— DIRECTIONS —
Repeat every entry word for word, skipping the pictures.
>>>
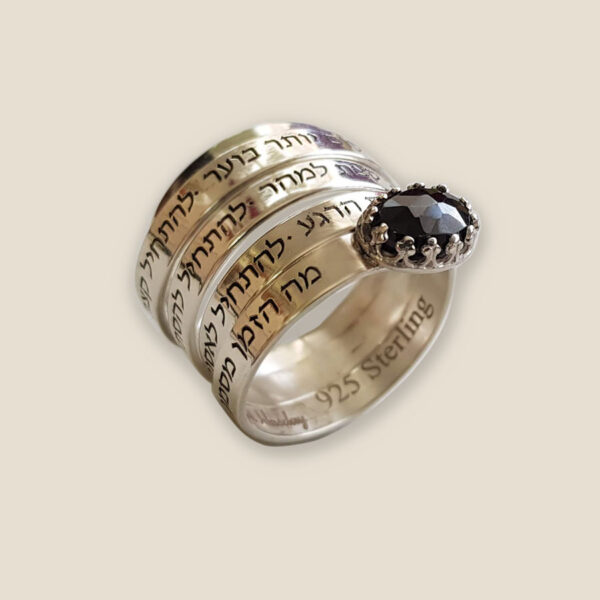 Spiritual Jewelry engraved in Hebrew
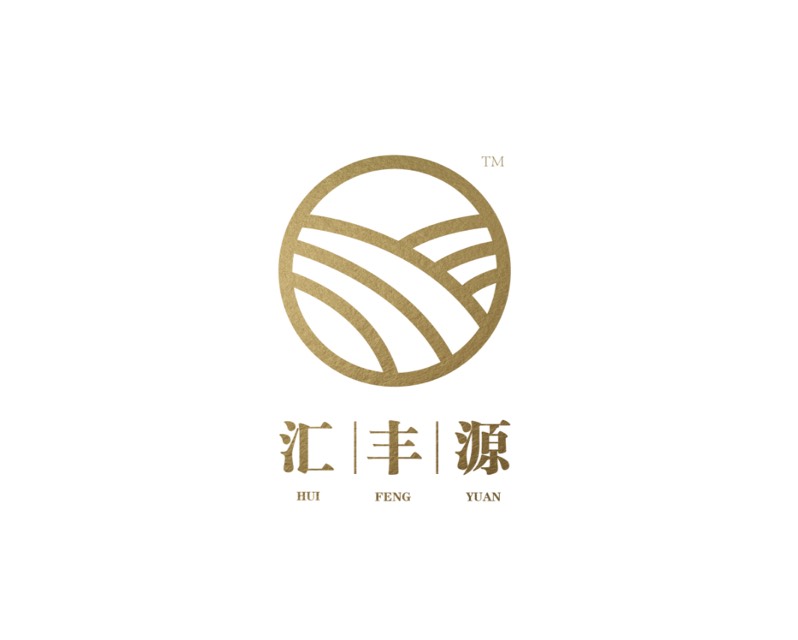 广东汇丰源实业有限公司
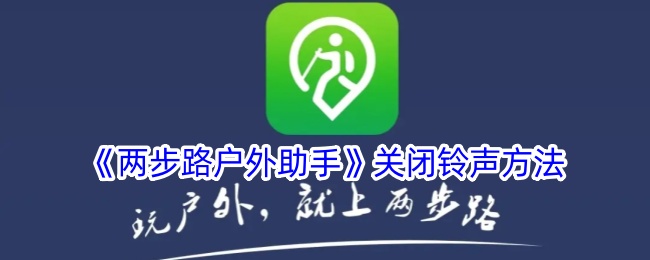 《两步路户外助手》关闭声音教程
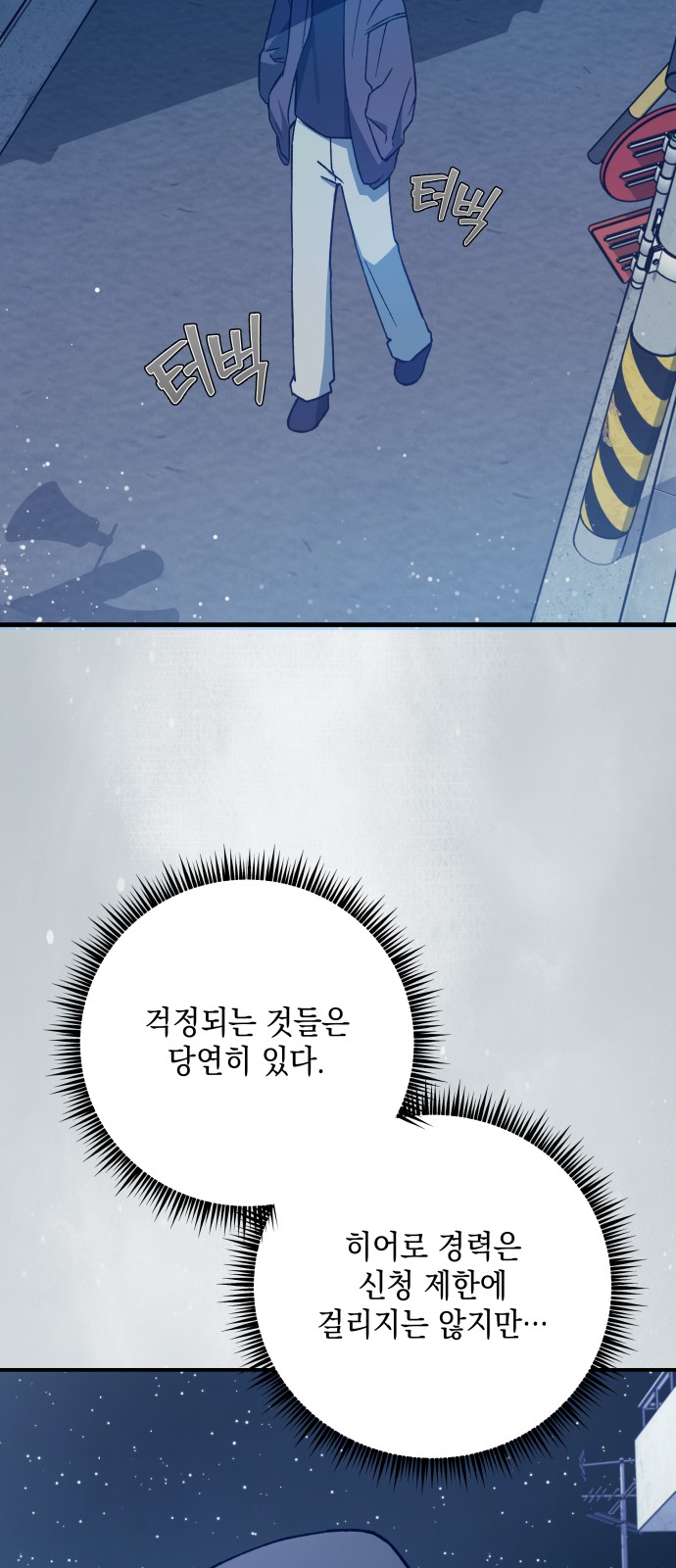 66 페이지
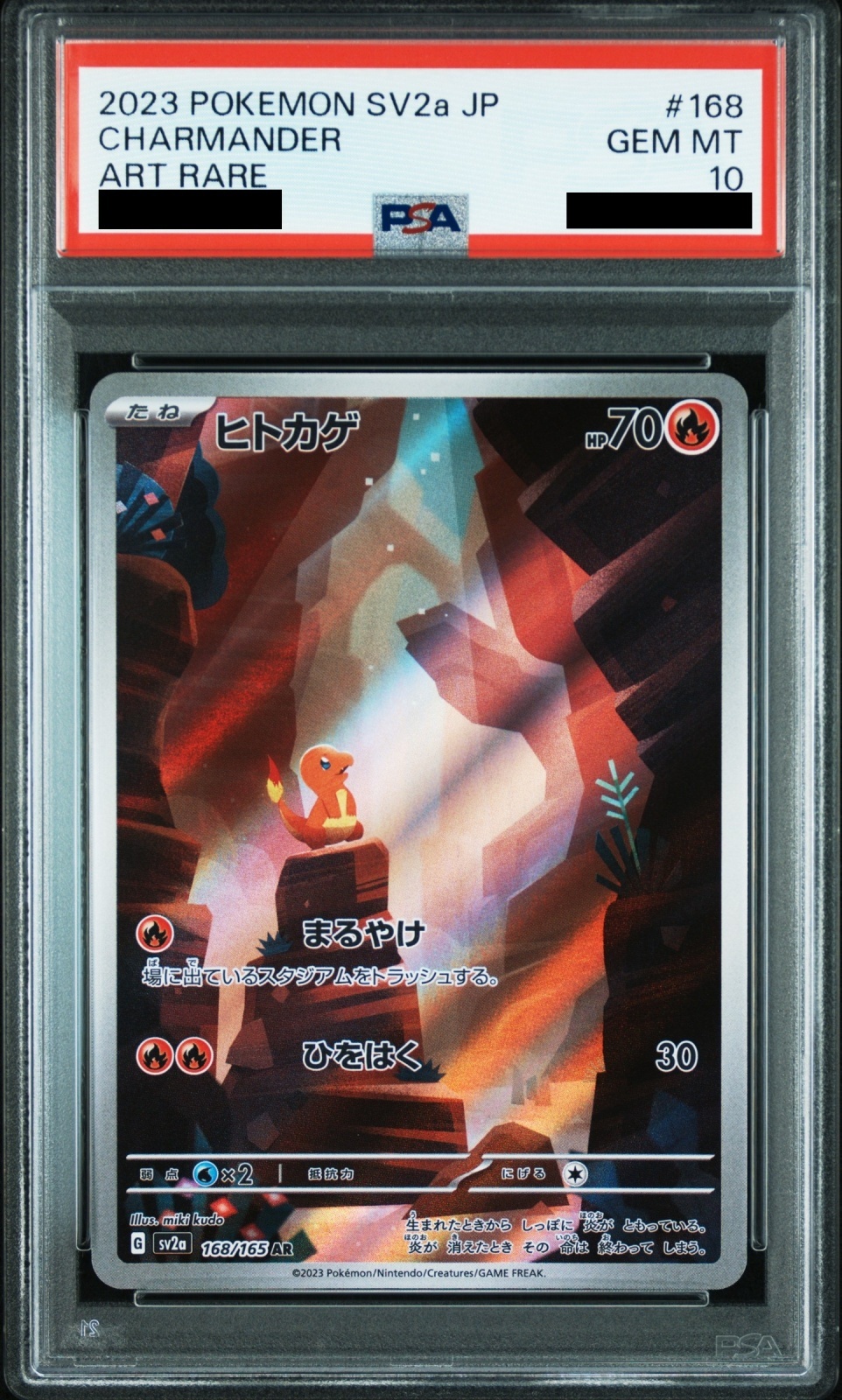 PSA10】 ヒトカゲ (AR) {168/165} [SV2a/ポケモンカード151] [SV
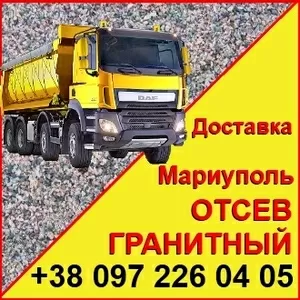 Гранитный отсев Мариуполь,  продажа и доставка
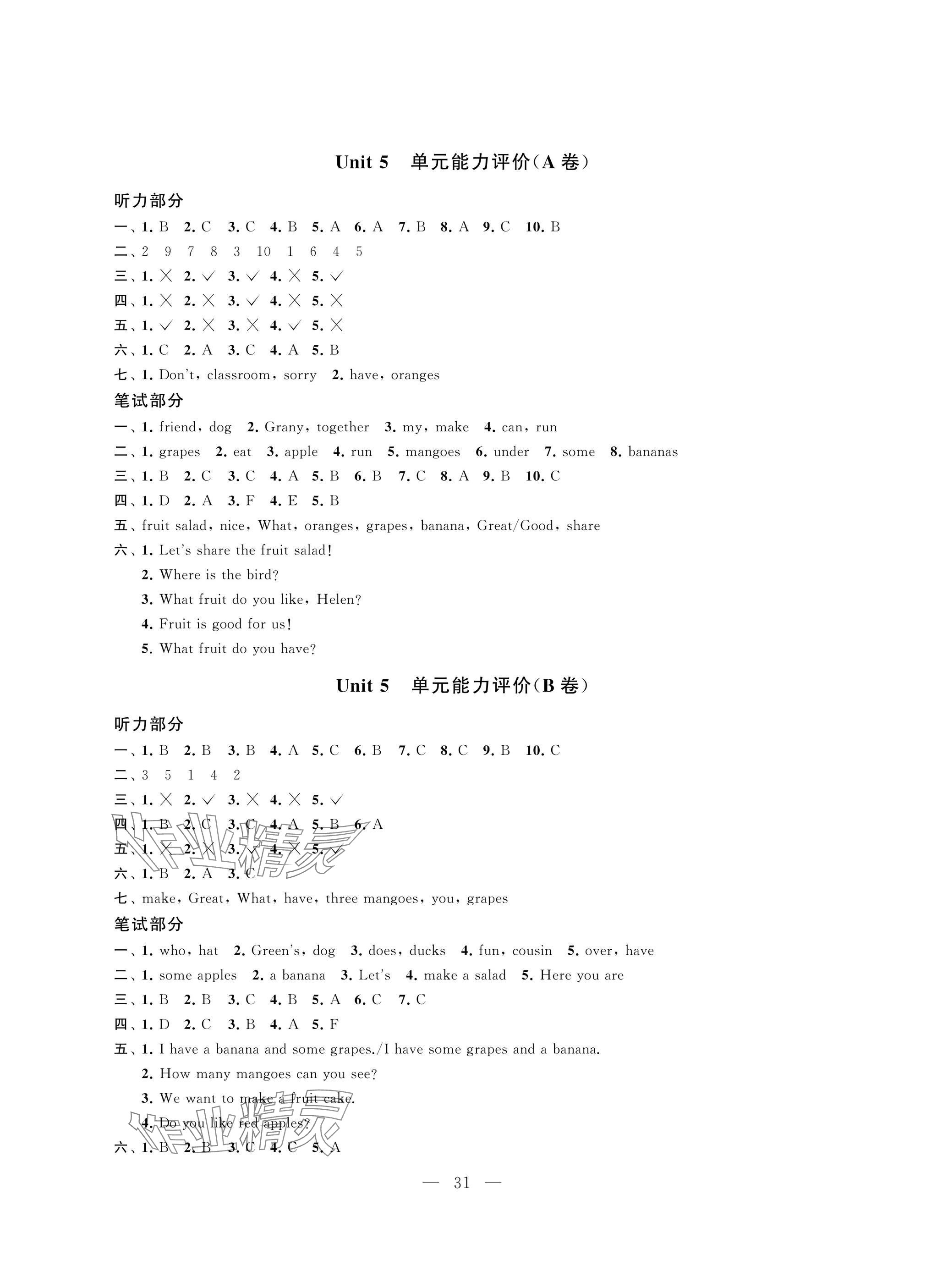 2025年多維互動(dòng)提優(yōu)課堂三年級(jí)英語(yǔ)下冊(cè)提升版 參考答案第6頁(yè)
<<<
— SOLUTION TO THIS TASK —
 Spiritual Jewelry engraved in Hebrew
 广东汇丰源实业有限公司
 《两步路户外助手》关闭声音教程
 66 페이지
 PSA10】 ヒトカゲ (AR) {168/165} [SV2a/ポケモンカード151] [SV
 Гранитный отсев Мариуполь,  продажа и доставка
 2025年多維互動(dòng)提優(yōu)課堂三年級(jí)英語(yǔ)下冊(cè)提升版 參考答案第6頁(yè)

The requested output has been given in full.